Haha yeah that is him actually; well he definitely sent you in the right direction. Aquatic Plant Central is another good one as well as The Planted Tank like Tom mentioned.


----------



## Mykuhl

Welcome welcome! There is definitely lots to learn with planted tanks. There are few people on here that are really into plants so I am sure you will learn a few things.

Bettas are cool too. I have 3 males myself.


----------



## kyle

Hi Elisha

Welcome aboard.

I am back and forth from Kingston and Toronto and have lots of plants available. I have loved the hobby and experience but downsizing a bit lately. I have alot of rarer type plants and some easy more common plants avail.

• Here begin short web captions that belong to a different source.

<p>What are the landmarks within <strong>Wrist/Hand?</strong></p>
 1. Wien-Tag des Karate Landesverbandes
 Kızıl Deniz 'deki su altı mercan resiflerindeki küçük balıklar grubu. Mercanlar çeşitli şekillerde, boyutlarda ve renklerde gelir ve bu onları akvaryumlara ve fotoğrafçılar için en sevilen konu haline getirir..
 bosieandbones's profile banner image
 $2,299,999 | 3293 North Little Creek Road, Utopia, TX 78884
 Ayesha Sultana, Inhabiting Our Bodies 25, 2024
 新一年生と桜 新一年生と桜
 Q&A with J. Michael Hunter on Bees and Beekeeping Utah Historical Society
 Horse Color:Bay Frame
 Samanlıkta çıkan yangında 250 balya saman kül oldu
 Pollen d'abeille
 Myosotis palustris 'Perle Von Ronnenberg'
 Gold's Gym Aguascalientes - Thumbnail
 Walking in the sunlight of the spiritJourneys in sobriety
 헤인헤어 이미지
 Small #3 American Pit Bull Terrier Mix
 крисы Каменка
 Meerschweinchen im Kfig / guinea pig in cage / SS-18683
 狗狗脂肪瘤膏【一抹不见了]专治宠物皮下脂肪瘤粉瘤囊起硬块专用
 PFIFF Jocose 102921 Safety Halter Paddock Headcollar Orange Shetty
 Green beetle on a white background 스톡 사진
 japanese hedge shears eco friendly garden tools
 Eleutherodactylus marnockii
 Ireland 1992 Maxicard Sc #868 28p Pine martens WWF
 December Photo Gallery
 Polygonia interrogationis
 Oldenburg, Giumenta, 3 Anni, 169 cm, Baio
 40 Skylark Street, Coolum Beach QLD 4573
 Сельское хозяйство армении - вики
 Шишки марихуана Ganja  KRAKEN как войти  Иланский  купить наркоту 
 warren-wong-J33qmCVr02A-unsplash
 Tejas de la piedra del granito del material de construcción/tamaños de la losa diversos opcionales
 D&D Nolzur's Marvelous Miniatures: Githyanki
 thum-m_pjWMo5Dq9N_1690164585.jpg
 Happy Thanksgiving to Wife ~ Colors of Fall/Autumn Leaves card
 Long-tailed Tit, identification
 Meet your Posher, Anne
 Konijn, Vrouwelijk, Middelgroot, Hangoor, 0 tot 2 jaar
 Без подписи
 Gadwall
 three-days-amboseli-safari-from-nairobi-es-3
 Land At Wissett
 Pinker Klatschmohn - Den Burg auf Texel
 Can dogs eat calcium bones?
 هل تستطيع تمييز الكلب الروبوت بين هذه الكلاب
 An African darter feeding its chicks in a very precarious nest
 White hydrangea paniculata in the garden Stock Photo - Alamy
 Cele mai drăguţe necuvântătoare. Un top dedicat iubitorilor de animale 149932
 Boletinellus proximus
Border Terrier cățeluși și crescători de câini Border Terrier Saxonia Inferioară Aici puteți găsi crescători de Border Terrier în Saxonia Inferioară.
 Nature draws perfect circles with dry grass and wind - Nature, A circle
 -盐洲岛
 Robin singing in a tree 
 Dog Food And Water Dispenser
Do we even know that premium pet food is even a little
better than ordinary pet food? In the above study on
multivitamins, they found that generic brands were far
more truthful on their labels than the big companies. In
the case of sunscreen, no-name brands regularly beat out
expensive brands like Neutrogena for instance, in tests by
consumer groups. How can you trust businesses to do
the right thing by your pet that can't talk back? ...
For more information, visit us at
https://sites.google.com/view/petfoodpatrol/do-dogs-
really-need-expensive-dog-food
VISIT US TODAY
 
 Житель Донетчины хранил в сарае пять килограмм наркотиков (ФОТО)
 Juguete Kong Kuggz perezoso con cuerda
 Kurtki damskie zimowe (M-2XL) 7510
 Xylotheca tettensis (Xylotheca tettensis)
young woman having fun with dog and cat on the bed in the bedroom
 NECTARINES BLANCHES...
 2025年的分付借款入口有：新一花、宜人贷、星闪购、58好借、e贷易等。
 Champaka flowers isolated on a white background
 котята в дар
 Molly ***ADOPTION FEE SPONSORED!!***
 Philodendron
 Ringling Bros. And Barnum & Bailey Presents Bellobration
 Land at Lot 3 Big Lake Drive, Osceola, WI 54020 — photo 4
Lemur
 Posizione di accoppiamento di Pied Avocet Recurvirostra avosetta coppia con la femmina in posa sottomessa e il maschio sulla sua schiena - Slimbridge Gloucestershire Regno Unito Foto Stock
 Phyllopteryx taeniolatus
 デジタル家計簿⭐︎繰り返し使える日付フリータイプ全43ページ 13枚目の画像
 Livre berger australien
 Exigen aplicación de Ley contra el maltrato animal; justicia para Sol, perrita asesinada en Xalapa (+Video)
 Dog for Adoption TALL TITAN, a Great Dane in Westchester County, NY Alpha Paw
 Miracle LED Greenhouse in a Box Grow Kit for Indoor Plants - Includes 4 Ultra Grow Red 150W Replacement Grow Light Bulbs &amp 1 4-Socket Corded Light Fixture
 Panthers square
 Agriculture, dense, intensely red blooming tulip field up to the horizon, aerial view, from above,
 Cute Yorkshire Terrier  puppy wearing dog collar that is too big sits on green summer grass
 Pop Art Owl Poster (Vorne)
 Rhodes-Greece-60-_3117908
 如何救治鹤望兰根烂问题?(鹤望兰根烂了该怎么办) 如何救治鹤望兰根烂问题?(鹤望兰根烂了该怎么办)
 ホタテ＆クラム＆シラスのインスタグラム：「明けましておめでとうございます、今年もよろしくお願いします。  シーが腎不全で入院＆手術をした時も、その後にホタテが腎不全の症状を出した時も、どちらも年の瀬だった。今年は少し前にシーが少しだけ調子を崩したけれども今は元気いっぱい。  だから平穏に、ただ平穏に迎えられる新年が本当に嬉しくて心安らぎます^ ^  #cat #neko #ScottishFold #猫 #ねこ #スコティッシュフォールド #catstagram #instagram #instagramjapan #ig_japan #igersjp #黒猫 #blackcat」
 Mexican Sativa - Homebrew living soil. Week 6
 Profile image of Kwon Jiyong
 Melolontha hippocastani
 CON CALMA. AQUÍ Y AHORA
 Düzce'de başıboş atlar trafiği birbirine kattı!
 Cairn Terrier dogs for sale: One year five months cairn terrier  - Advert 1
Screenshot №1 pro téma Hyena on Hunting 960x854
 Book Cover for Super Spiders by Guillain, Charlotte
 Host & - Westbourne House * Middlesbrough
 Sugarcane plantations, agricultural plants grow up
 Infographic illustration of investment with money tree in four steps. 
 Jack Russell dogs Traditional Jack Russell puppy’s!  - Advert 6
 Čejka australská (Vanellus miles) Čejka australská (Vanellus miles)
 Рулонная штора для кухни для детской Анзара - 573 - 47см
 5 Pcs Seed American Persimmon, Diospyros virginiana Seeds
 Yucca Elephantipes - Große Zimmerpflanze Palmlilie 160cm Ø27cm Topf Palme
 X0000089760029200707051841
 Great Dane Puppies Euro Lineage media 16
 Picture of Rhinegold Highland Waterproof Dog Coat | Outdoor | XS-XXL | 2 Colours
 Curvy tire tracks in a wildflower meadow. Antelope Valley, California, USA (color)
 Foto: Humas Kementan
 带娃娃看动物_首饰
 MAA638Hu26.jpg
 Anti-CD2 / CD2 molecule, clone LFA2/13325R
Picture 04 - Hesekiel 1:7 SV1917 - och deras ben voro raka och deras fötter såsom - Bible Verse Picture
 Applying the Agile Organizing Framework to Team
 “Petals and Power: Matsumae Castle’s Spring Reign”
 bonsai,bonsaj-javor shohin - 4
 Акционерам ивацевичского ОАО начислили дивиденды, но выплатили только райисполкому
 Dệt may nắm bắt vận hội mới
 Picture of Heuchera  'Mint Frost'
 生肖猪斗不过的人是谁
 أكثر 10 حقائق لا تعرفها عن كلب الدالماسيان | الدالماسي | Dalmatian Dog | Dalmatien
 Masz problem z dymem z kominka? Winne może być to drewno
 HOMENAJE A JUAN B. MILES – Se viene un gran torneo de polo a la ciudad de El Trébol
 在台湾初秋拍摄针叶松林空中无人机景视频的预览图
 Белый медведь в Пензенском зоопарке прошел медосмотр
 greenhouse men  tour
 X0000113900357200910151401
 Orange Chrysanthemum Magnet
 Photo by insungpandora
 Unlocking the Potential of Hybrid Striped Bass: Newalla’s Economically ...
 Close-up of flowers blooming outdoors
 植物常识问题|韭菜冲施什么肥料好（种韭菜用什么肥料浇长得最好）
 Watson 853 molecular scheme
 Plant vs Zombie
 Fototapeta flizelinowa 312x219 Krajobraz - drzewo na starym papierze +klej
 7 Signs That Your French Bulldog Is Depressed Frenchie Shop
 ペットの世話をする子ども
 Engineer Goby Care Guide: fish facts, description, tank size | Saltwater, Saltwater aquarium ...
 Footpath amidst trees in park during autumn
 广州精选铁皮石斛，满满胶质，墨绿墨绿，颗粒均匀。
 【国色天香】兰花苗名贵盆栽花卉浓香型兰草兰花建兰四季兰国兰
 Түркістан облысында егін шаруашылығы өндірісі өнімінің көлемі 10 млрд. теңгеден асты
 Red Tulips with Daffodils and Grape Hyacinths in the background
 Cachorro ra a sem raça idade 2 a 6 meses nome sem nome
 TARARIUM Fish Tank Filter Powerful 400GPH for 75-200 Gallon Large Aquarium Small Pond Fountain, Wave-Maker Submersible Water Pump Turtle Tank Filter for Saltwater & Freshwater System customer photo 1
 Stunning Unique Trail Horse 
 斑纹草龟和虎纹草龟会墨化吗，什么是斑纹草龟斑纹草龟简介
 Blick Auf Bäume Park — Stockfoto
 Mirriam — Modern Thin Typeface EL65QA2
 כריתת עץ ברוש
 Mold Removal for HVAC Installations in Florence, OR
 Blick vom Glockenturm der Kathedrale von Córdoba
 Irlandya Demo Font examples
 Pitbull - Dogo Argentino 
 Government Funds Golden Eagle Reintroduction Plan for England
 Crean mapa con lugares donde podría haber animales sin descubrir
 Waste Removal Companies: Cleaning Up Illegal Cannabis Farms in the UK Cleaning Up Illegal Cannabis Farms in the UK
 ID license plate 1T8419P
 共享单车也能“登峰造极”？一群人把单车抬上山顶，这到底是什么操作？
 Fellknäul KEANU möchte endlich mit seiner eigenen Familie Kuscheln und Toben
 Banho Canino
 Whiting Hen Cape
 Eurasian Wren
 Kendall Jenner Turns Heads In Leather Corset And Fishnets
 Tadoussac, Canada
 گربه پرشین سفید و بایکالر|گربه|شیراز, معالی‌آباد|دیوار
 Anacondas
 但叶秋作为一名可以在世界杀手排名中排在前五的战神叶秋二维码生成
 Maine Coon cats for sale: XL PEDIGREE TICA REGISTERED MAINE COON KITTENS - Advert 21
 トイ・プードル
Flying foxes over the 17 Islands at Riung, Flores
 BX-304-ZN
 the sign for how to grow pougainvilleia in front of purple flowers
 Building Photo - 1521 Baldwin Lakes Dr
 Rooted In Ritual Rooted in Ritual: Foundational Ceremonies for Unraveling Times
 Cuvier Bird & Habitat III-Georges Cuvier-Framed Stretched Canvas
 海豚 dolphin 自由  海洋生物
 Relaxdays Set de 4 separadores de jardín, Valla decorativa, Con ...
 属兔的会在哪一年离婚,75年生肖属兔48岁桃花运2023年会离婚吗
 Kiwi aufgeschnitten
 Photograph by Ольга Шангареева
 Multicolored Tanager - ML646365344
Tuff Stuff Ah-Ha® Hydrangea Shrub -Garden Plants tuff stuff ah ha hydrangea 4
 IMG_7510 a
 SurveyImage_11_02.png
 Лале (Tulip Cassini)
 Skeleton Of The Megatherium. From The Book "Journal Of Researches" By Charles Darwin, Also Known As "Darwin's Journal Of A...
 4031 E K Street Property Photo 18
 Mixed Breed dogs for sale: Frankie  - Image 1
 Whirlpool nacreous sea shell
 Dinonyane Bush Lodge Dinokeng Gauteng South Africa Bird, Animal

Shoot me a PM and let me know what you are looking for and your current set up

Kyle


----------



## Xox-Zip-xoX

kyle said:


> Hi Elisha
> 
> Welcome aboard.
> 
> I am back and forth from Kingston and Toronto and have lots of plants available. I have loved the hobby and experience but downsizing a bit lately. I have alot of rarer type plants and some easy more common plants avail.
> 
> Shoot me a PM and let me know what you are looking for and your current set up
> 
> Kyle


Oohh, I'll definitely have to take advantage of that! This is my current setup

The tank I am planting is 36" x 12.5" x 19" (weird footprint, I know)
Lighting: 1 12" t5 6500k and 1 CFL. What lighting would this be? It's only temporary until I can find a decent Dual T5HO.
CO2: DIY 
Currently Growing: Rotala, Dwarf Sag, Hygro, Taiwan Moss, a tiny bit of hairgrass and some species of Crypt, not sure exactly what it is but it looks a lot like Cryptocoryne Wendtii.

Any suggestions for what I should add? I'd like to get some more hairgrass but I don't know how it would hold up. Might be better to wait until I upgrade my lighting.


----------



## Fishfur

Welcome indeed. You'll enjoy this place I am sure. We have lots of good people here !


----------



## Matthew RJ

*welcome*

Can I say welcome too (I still feel relatively new here). I've got family in Verona and Ottawa. There's a small fish store in Kanata (got fish), and their tanks are well cared for. Healthy plants. I posted a thread about where to get plants, and someone in Lanark said they had some. Another user, Charlie1 in Ottawa also has plants.


----------



## Bullet

Hi and Welcome 
Great forum - plenty of good advice and good people ! 
I live in Toronto but my Mom lives in Kingston so if you need a delivery any time just let me know 
Any excuse to visit Mom and help out a fellow fish keeper !


----------